The use of a hash table is to make searching more efficient.

Linear search can be used to search unordered data in an array in O(n) time complexity.

Binary search can be user to search ordered data in an array in O(Log n ) time complexity.

Hashtable is a method to search data in constant time that is in O(1) time complexity . In order to improve search performance, hash tables use hashing techniques. Hash function takes the group of keys and maps it to the value.

Let us consider a simple hash function h(x) = x

In order to store [25 , 32 , 64 , 75] values using this hash function, an array of size 75 would be needed so that the three values are placed at 25 th , 32 nd , 64 th and 75 th index of the table. It might be more efficient, but it wastes a lot of space.

Lets modify the hash function to efficiently use the space in the array table.

h(x) = { x mod Size of Hashtable } (Hashtable can be of any size).

Now for example consider the Hashtable size as 10 and we want to store [25 , 32 , 64 , 75] values using the efficient hash function

25 mod 10 = 5

32 mod 10 = 2

64 mod 10 = 4

75 mod 10 = 5

What if we want to search 32 ?

Performing a similar hash function on 32 yields the same hash table index-2. We can go to the 2 nd index of an array to find the 32. This hash function is space efficient compared to the earlier hash function.But we fixed one problem and introduced a new problem.
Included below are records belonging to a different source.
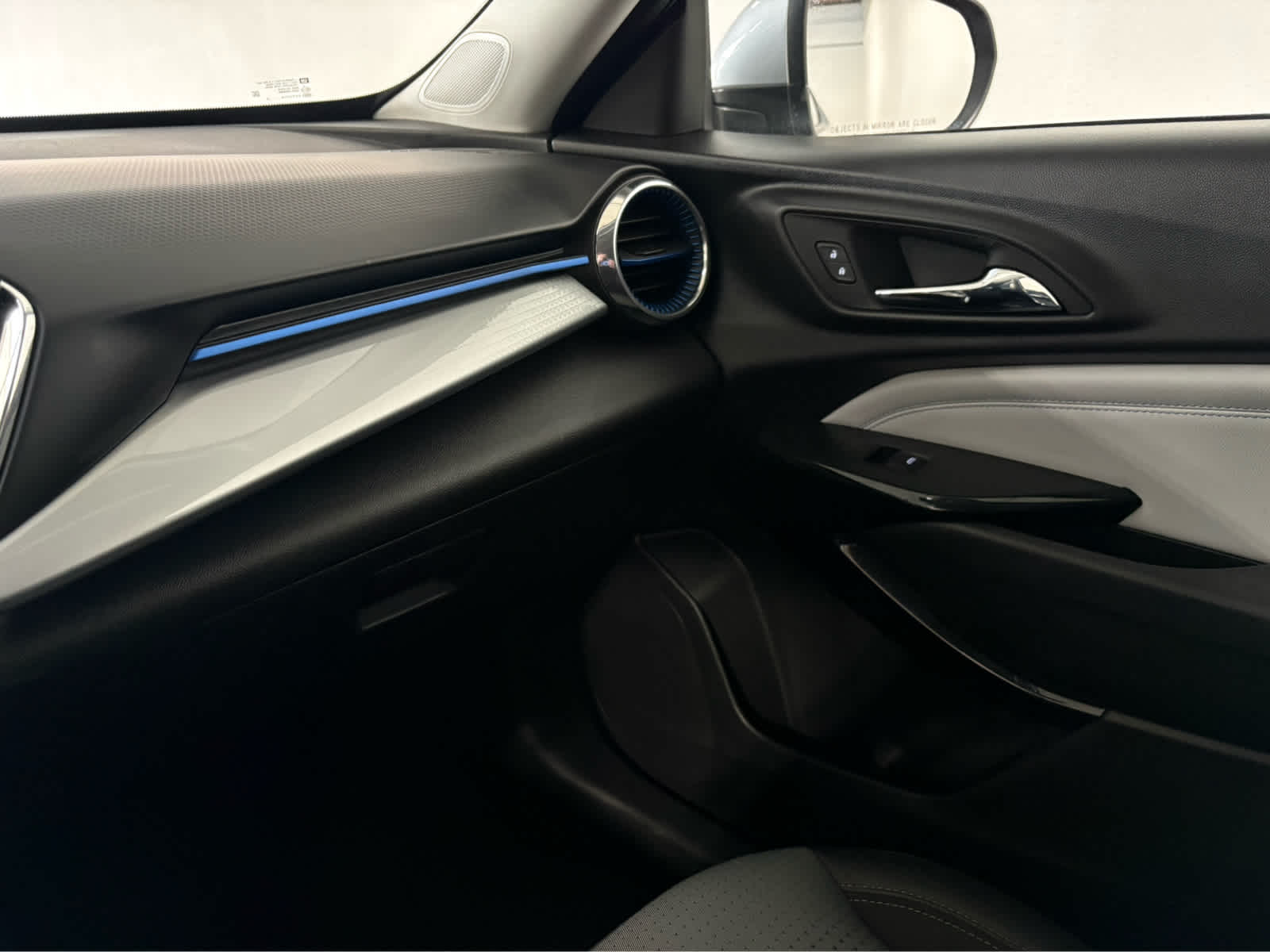 Thumbnail: 2025 Chevrolet Trax - 22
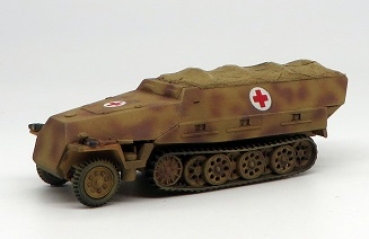 H0 mili D DW Sanitätsschützenpanzer, SdKfz. 251/ 8 Ausf. D , etc...........................................................................................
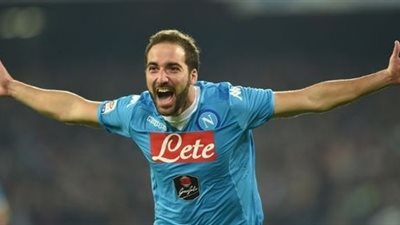 بالفيديو.. نابولي يتقدم على أتلانتا بهدف في الشوط الأول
There is a collision between 25 mod 10 and 75 mod 10 since they are both 5 and are competing for the same index.

Collision.jpeg

We have to resolve this collision. There are two fundamentals that can be used to tackle a hash collision:

  1. Separate Chaining
  2. Open addressing

Separate Chaining

Separate chaining is one of the most common collision resolution techniques. The technique is implemented using linked lists. In separate chaining, each element of a hash table is a linked list, and it is necessary Store both elements in the same linked list if there is a collision (i.e. two different elements have the same hash value).

Separate_Chaining.jpeg

Open addressing

In open addressing, the key is placed at an alternative index in an attempt to resolve the collision. There are 3 types of Open Addressing:

  • Linear Probing
  • Quadratic probing
  • Rehashing

Linear Probing

In open addressing, instead of in linked lists, all entry records are stored in the array itself. When a collision occurs In Linear Probing, the closest free slot is identified using a linear iteration over the slots. Here, the search is sequential, starting from the position where the collision occurs until no empty slot can be found.

The probing sequence for linear probing will be:

X = x mod Size of Hashtable

x= (x + 1) mod Size of Hashtable

x= (x + 2) mod Size of Hashtable

x= (x + 3) mod Size of Hashtable

....and So on until empty slot can be found

Linear probing is easy to compute but suffers from clustering many consecutive elements from groups and it starts taking time to find a free slot or to search for an element.

Quadratic probing

Quadratic probing helps us fix the clustering issue . Instead of moving one step at a time to find empty slots ,the interval between slots is computed by adding the successive value of an arbitrary polynomial in the original hashed index.

The probe sequence will be as follows:

X = x mod Size of Hashtable

x= (x + 1 ^ 2) mod Size of Hashtable

x= (x + 2 ^2) mod Size of Hashtable

x= (x + 3 ^2) mod Size of Hashtable

….. and So on until empty slot can be found

Rehashing

It works as a similar idea to Linear and Quadratic probing, the only difference is that whenever a collision occurs a second hash function will be used to determine the next slot.

These 2 hash functions can either be the same or different and the secondary hash function is applied continuously until an empty slot is found.

The Rehashing sequence will be as follows

h(x) = { x mod Size of Hashtable } (Hashtable can be of any size).

h2(x) = { x mod Size of Hashtable + 2 } (Hashtable can be of any size).

X = x mod Size of Hashtable

If collision occurs

(h1(key) + i * h2(key)) mod Size of Hashtable

repeat by increasing i when collision occurs

In summary, hash tables are used when we want direct access to unsorted data based on a key. We would not want to use hash tables when we need to support sorting. C# uses Hashtable data structure for Hashtable class and Dictionary but they have different collision avoidance techniques. Hashtable uses rehashing while Dictionary uses Chaining.